IMF Asks Japan to Push Ahead with Sales Tax Hike

By Park Sae-jin Posted : July 15, 2010, 08:06 Updated : July 15, 2010, 08:06

The IMF asked Japan to push ahead with a controversial consumption tax increase Wednesday, as part "early and credible" fiscal reforms to curb the nation's huge debt.

The International Monetary Fund called for fiscal reforms to "begin next year centered around a gradual increase in the consumption tax."

It also called for those measures to be "followed by a sustained reduction in the structural primary deficit over the next decade."

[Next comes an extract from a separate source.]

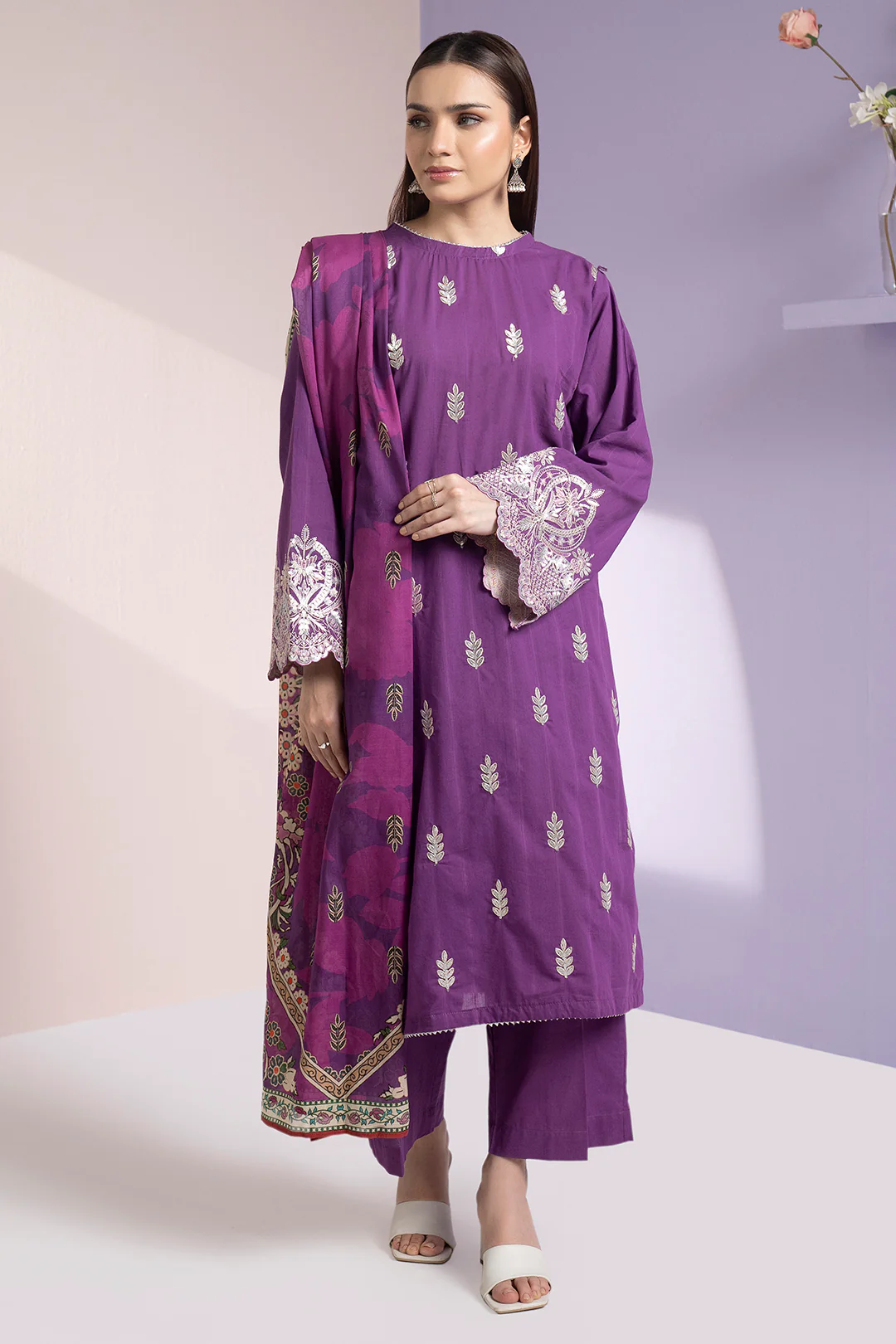 Embroidered Kurta Dupatta Trouser - 1581 - Image 11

Japanese Prime Minister Naoto Kan's pre-election talk of tax reforms, including raising the consumption tax, and subsequent backpedaling were seen as a key reason behind the election rout of his Democratic Party of Japan (DPJ) in last Sunday's parliamentary upper house elections.

Newspaper surveys found that nearly two thirds of respondents favor a debate about raising the sales tax to restore battered public finances, which have seen public debt soar to nearly twice the size of the economy.

The IMF said the debt crisis in Europe had raised the "uncertainty and downside risks" around Japan's economic outlook and sharpened the focus on its massive debt problem, the IMF said in a report after annual consultations with Tokyo.

Bringing down the country's public debt, one of the highest among advanced economies at 110 percent of gross domestic product, "will require a large and protracted adjustment that will be made more credible by an early increase in the consumption tax," the Washington-based IMF said.

The fund called for a "fiscal rule featuring a public debt cap and a primary surplus target," saying it could strengthen credibility and lock-in fiscal gains.